■ Your objective ■
Using the entries below, copy exactly each line from the line with "DIOR x NIKE" up to and including the line with "819 Race Street, Dover, OH 44622 - Photo 14", with every picture left out.

■ Source data ■
----
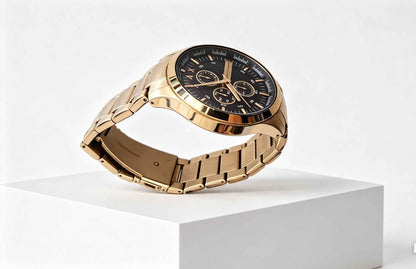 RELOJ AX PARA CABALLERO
----
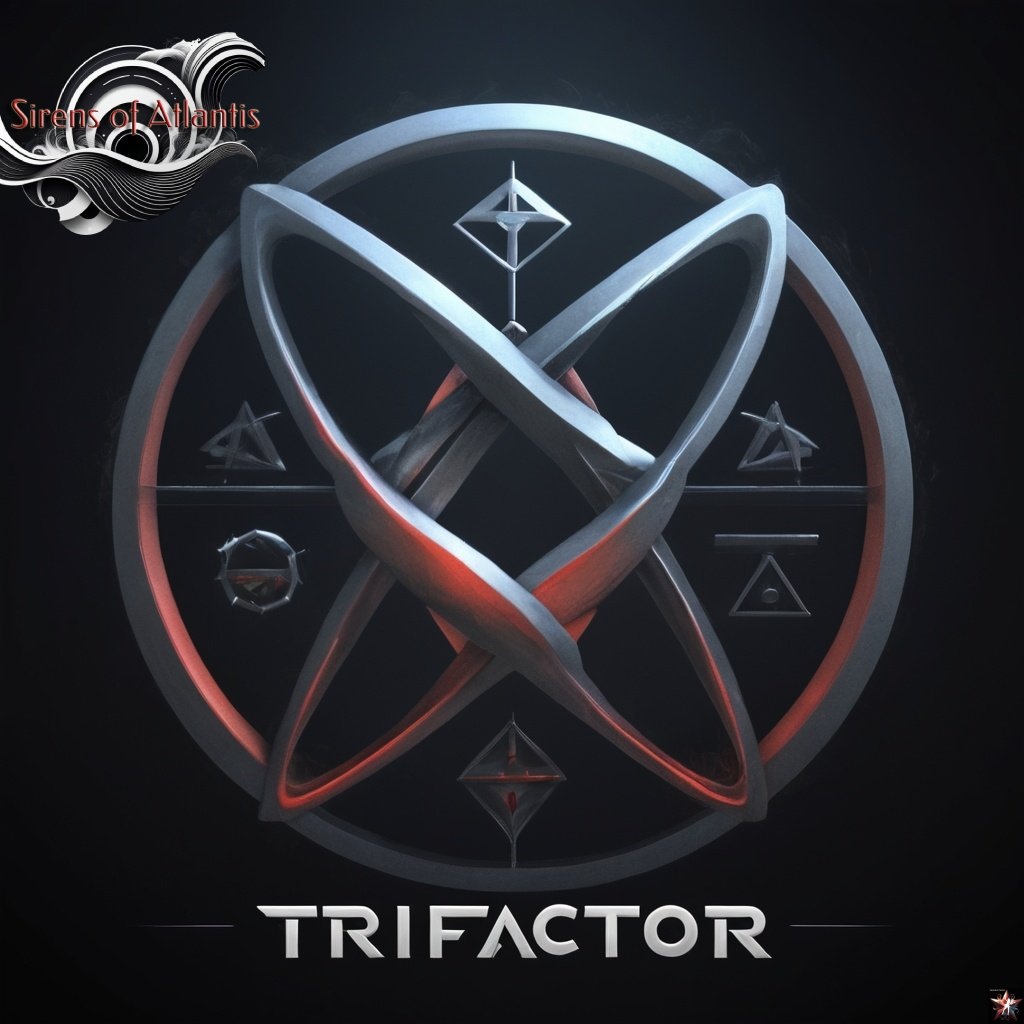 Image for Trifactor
----
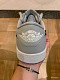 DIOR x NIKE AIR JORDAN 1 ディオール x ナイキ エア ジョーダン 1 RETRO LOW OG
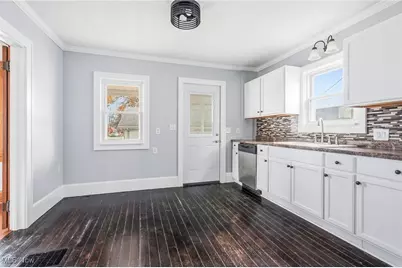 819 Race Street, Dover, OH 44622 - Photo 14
----
■ Response ■
 DIOR x NIKE AIR JORDAN 1 ディオール x ナイキ エア ジョーダン 1 RETRO LOW OG
 819 Race Street, Dover, OH 44622 - Photo 14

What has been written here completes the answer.